The left side of the first gully allows me to avoid the worst of the spindrift. The gully ends and the ice on the rock above is rotten. I delicately traverse further left across a snow covered slab to another groove system on the edge of the face. My inner dialog kicks in “If you fall now that’s it”, “so don’t fall” end of conversation.
We’re there; my world has finally shrunk to something I can manage. Two tools and a narrow set of ice runnels to put them in are laid out in front of me. The cloud and spindrift cut visibility down to twenty feet.
The runnels end and I and pull into the second couloir. There’s this weird river of snow running down the center fed by a continuous veil spindrift moving down the face. I head on upwards – somewhere above me is the linking pitch to the final gully high on the north face.
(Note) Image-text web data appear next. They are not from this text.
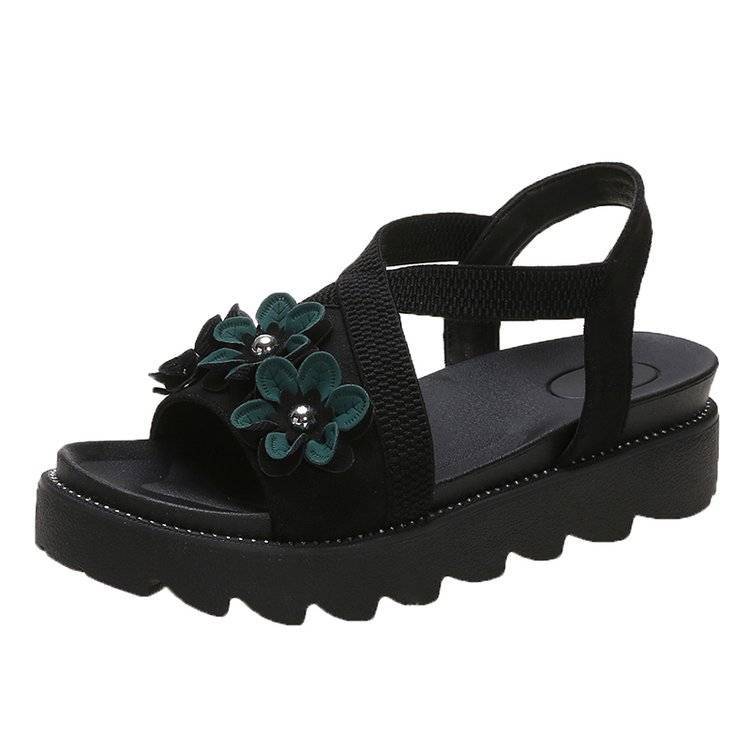 Letní sandály dámské vílí styl ke všemu síťová červená ins móda květina silná podrážka římské dámské boty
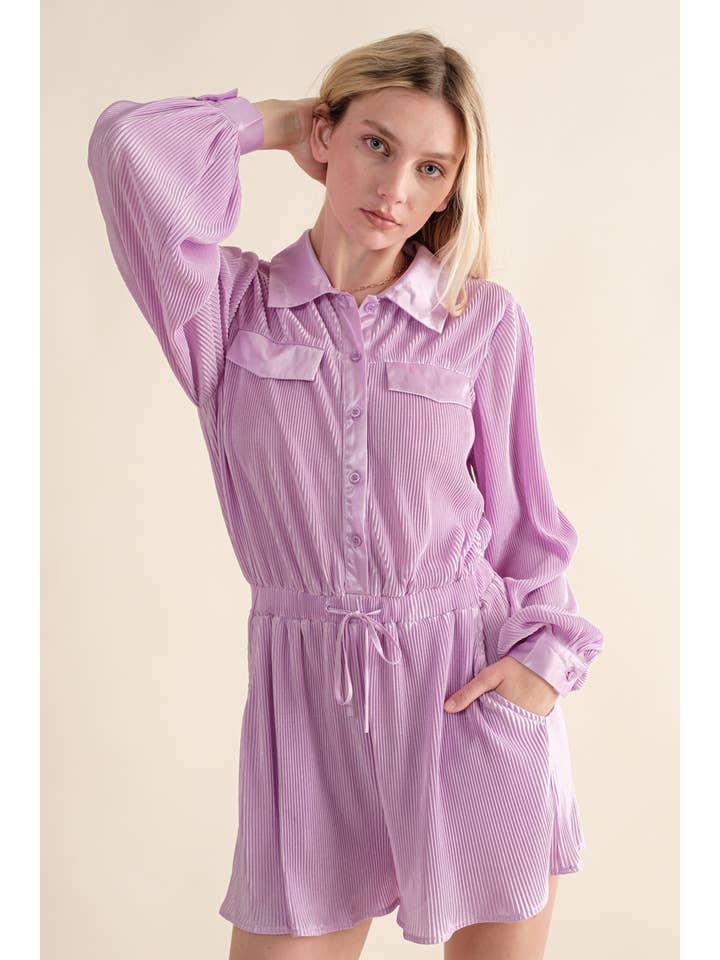 Blue B - Wholesale Romper – Women's - 61136R - Accordion Pleated Collared Romper8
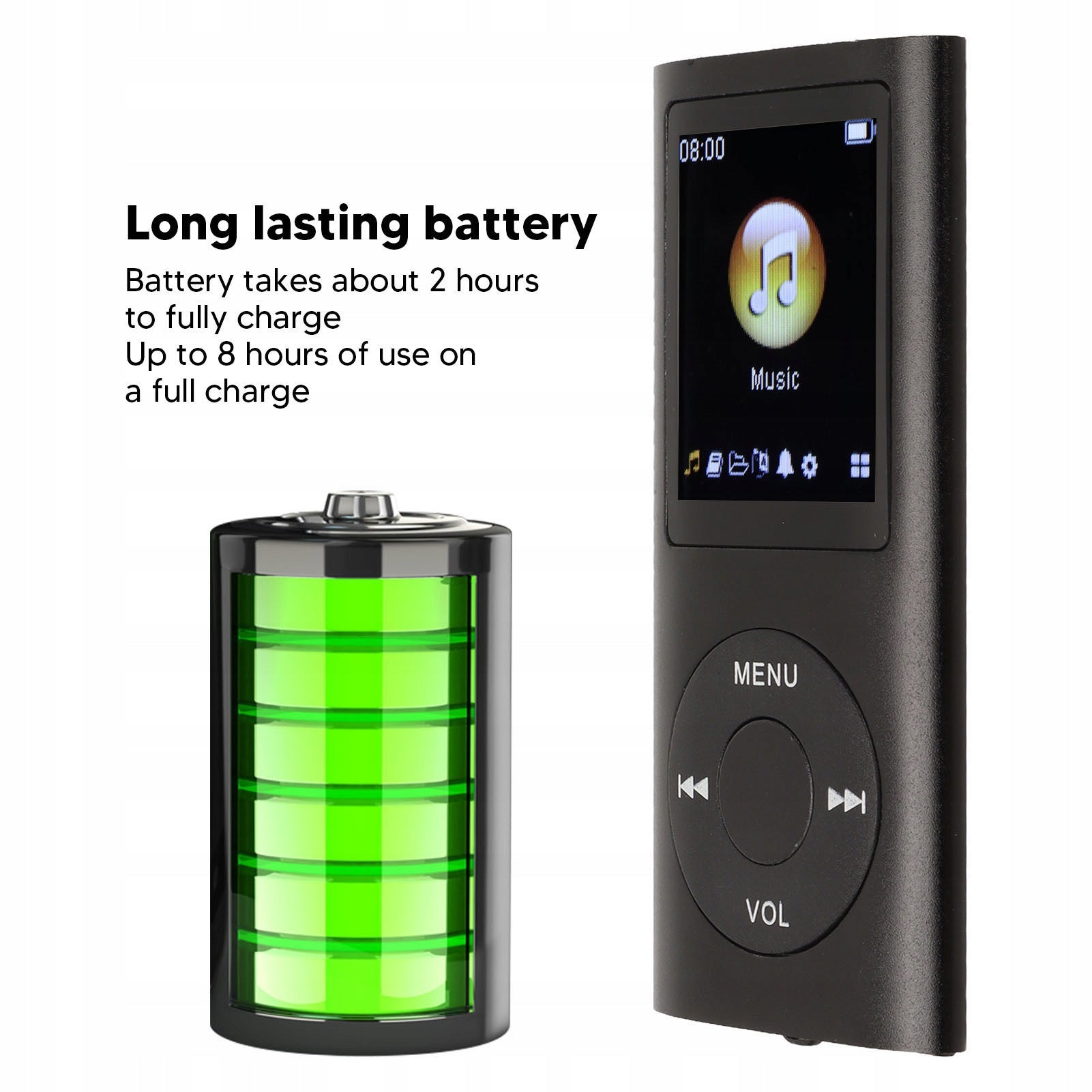 MP3 LCD PLAYER WITH BLUETOOTH FUNCTION 1.8" BLACK Packaging status original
The rock is banked out so getting to the second gully goes easier than expected but there’s more snow in the third gully than I’d like. A small slide here would precipitate a rapid and terminal descent of the whole north face.
I kick steps up the final few feet on the third couloir and step into the maelstrom that is the summit. Zero visibility and a vicious wind tearing across the summit plateau from the south. An hour of staggering around on the summit finally ends when I get a clear view of the pass through the weather and start the descent.
Perry Farrell gets me down to the lake and eventually down the eight miles of road to where I left the truck. The unmanagability of the “real” world starts to creep back in.